Please see the man page "signal" ( manual 7, man 7 signal ).

There is an action associated with each signal handler. And it
specifies the action to be taken. When SIGSEGV is received, the action
taken is "Core" i.e, terminate the process and dump core. Apart from
calling the user defined signal handler. And that is the reason for not
printing the subsequent print() statement.

Thanks & Regards
--vijayck

subramanian wrote:
> Consider the following code: segment violation is deliberately
> generated to catch the SIGSEGV signal. The handler for this signal,
> namely SIGSEGV_handler, is called. However after the handler is
> finished, control does not return to the printf statement in main()
> which is present after the strcpy statement. Instead Segmentation
> violation error message is printed in Redhat Linux and the program is
> aborted. In VC++, the SIGSEGV_handler is called and then the program
> crashes. Is this the expected behaviour ?
>
> void SIGSEGV_handler(int num);
>
> int main(void)
> {
> char *str = NULL;
>
> signal(SIGSEGV, SIGSEGV_handler);
> strcpy(str, "TEST");
> printf("After signal handling\n");
>
> return 0;
> }
>
> void SIGSEGV_handler(int num)
> {
> printf("SIGSEGV_handler called with the argument %d\n", num);
>
> return;
> }

On Fri, 14 Dec 2006, subramanian wrote:

> What should be done to catch signals and proceed with execution from
> the next statement onwards in the program
>


A possible option can be using the longjmp() and setjmp()
functions/macros, as follows. If your implementation allows calling
printf() from within signal handlers, you can uncomment the printf()
inside the signal handler.

Emil


#include <signal.h>
#include <stdio.h>
#include <setjmp.h>

jmp_buf jbuf;

void SIGSEGV_handler(int num);

int main(void)
{
char *str = NULL;

signal(SIGSEGV, SIGSEGV_handler);
if (!setjmp(jbuf))
strcpy(str, "TEST");
printf("After signal handling\n");

return 0;
}

void SIGSEGV_handler(int num)
{
/*printf("SIGSEGV_handler called with the argument %d\n", num);*/
longjmp(jbuf,1);
}

Hello,

> Consider the following code: segment violation is deliberately
> generated to catch the SIGSEGV signal. The handler for this signal,
> namely SIGSEGV_handler, is called. However after the handler is
> finished, control does not return to the printf statement in main()
> which is present after the strcpy statement. Instead Segmentation
> violation error message is printed in Redhat Linux and the program is
> aborted. In VC++, the SIGSEGV_handler is called and then the program
> crashes. Is this the expected behaviour ?

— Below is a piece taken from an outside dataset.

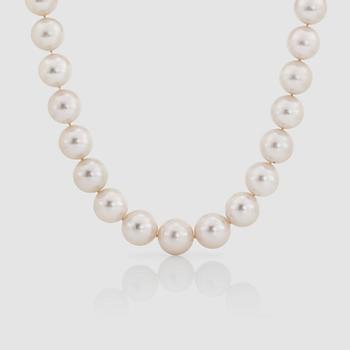 1410. A South Sea pearl and diamond necklace, 14-16.8 mm.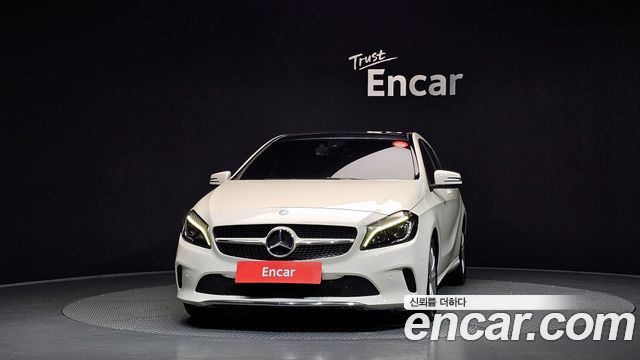 Mercedes-Benz A-Class (W176) A200 2017 — фото 3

The problem you are facing can't be answered within the C standard.
This is OS dependent. For instance, on UNIX/Linux, the following apply:

<quote SUSv3>
If and when the function [signal handler] returns, if the value of sig
was SIGFPE, SIGILL, or SIGSEGV or or any other implementation-defined
value corresponding to a computational exception, the behavior is
undefined.
</quote SUSv3>

That means, everything can happen... On some UNIX, the message
"SIGSEGV_handler called with the argument 11" will be repeated forever,
because the PC or the
effective address that took the SIGSEGV isn't modified, causing the
SIGSEGV to be repeated... This makes a really nice infinite loop,
actually.

HTH,
Loic.

Kohn Emil Dan wrote:

> On Fri, 14 Dec 2006, subramanian wrote:
>
>> What should be done to catch signals and proceed with execution from
>> the next statement onwards in the program
>
> A possible option can be using the longjmp() and setjmp()
> functions/macros, as follows. If your implementation allows calling
> printf() from within signal handlers, you can uncomment the printf()
> inside the signal handler.

Using `longjmp` inside a signal handler in Standard C gives you
undefined behaviour (unless the signal was provoked by `abort`
or `raise`).

The OP will need implementation-dependant signal handling code.
(Maybe he can rely on some other standard to make it less
implementation-dependant that it could be.)

--
Chris "to heavy to even shortjmp" Dollin
"We did not have time to find out everything we wanted to know."
- James Blish, /A Clash of Cymbals/

vijay kalkoti wrote:

> Please see the man page "signal" ( manual 7, man 7 signal ).


Please don't top-post. Your replies belong following or interspersed
with properly trimmed quotes. See the majority of other posts in the
newsgroup, or:
<http://www.caliburn.nl/topposting.html>

On Fri, 15 Dec 2006, Chris Dollin wrote:

> Kohn Emil Dan wrote:
<snipped>
>>
<snipped>
> Using `longjmp` inside a signal handler in Standard C gives you
> undefined behaviour (unless the signal was provoked by `abort`
> or `raise`).


Can you point me where the standard mentions this?

>
> The OP will need implementation-dependant signal handling code.
> (Maybe he can rely on some other standard to make it less
> implementation-dependant that it could be.)
>


In my opinion any non-trivial C program needs some implementation
dependent features, so I agree with you.


Emil

> --
> Chris "to heavy to even shortjmp" Dollin
> "We did not have time to find out everything we wanted to know."
> - James Blish, /A Clash of Cymbals/
>
>